If you didn’t absorb your twin in the womb are you really twinning? Get cracking people, it’s never too late to absorb your twin!
posted by um at 6:56 PM on October 13, 2019 [6 favorites]


Weird thing is, there were two sets of actual identical twins at our high school, and another set who graduated shortly before we entered. And it was a tiny little school in the middle of a cornfield in West Nowhere.
posted by The Underpants Monster at 4:31 PM on October 13


I have similar! From elementary to high school, I went to school with at least five sets of twins, two pairs of whom had little brothers who were also twins.
And I grew up in a similarly small place. My graduating class was a hundred people.
posted by Mister Moofoo at 7:00 PM on October 13, 2019 [1 favorite]


My (fraternal) twin brother died three weeks after we were born. I grew up a shy, quiet, and solitary child -- and was fascinated to read, in my aunt's notes from her phone conversations with my mother during the first days after our birth, that I was called "the rowdy twin". What would have happened, I wondered, and still wonder, if my brother had lived? Would I have become outspoken, daring, extroverted -- everything that couldn't be further from my nature -- through the presence of a constant companion and the weight of others' expectations?
posted by jeudi at 7:47 AM on October 14, 2019 [8 favorites]


When my twin daughters were barely old enough to stand up in their crib in their footie pajamas, they were each sucking contentedly on a pacifier...until they spied, at the same moment, a delicious-looking pacifier in that other kid's mouth. Simultaneously, each girl reached over, grabbed the pacifier out of her sister's mouth, and shoved it into her own.

They did this three times in a row.

Miraculously, both parents were there to see it, desperately trying not to distract them with laughter.
posted by straight at 9:02 AM on October 14, 2019 [19 favorites]


I was always more concerned about pigeonholing my daughters. Sure, one of them was a little more interested in drawing than the other, but they both liked to draw more than many kids. I didn't want one of them to get all the art-supply gifts from the grandparents. So I determined to never tell anyone things like "this one is more outgoing than that one," to give noncommittal answers to questions about how they differed. Get to know them and see for yourself, I didn't say.

But I think their main complaint growing up was that people treated them as if they were interchangeable. My policy didn't help with that any, but I think deciding which differences they wanted to try to be known for was more their responsibility than mine.

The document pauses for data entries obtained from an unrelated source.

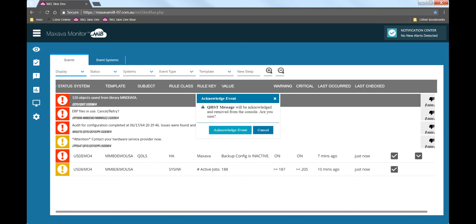So our automation and remote commands are starting to remove the issues from the display. However, sometimes we will need to take manual action. For example, looking at the remaining events, let's say I have now discussed the recent library save statistics with a colleague and she agreed I can remove that item from the displays. I do that by performing an acknowledgement.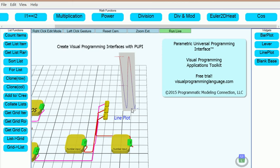You can try the poppy package for free and also download other completely free visual programming applications at visualprogramminglanguage.com. Thank you for watching this video.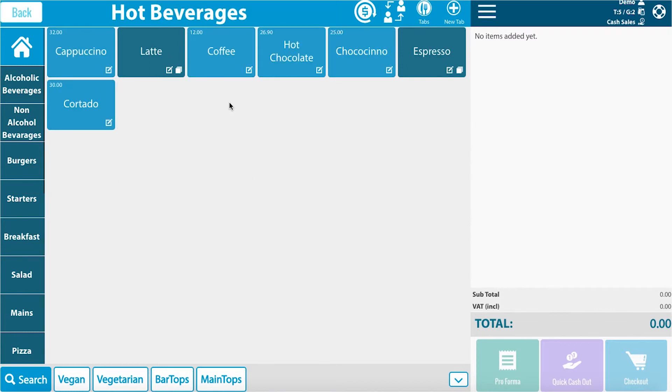Here is a different selection of all the hot beverages available. I will then click on coffee.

And I think I missed some differences that would have been helpful to notice and take into account.

But they're at different schools now and seem to have established their own identity pretty well. I think they talk to each other every day.
posted by straight at 9:22 AM on October 14, 2019 [5 favorites]

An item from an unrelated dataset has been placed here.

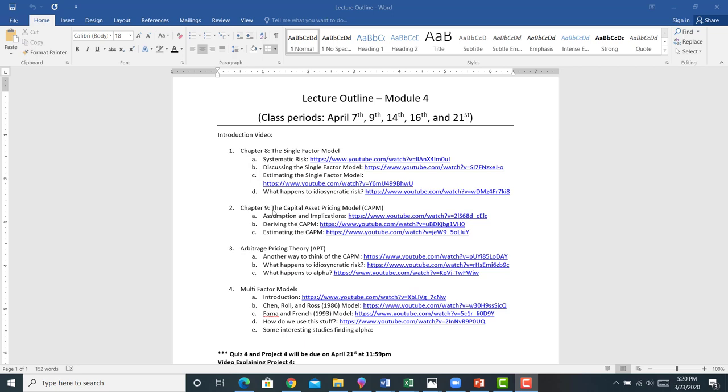The most common single-factor model is a capital asset pricing model. We're going to talk about the assumptions. We're going to talk about the derivation of the CAPM. We're going to estimate the CAPM. Listen, pay attention to this video. This is going to help you on the project.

My graduating class was a hundred people.

City slicker.
posted by The Underpants Monster at 10:00 AM on October 14, 2019 [3 favorites]


It is a testament to the goodness of the average person that you never hear of identical twins running a murder racket.

The Kray twins, just to name the first pair of twins that come to mind, would seem to refute this argument. "Their downfall began with murder - three murders to be precise."

More criminal twins:
Double Trouble: Twins Who Have Committed Murders and Other Crimes
People have gotten away with theft, drug charges, and murder by blaming their identical twin
10 Times Identical Twins Tried Getting Away With Crime
posted by Lexica at 11:16 AM on October 14, 2019 [3 favorites]


I loved this, thank you for posting.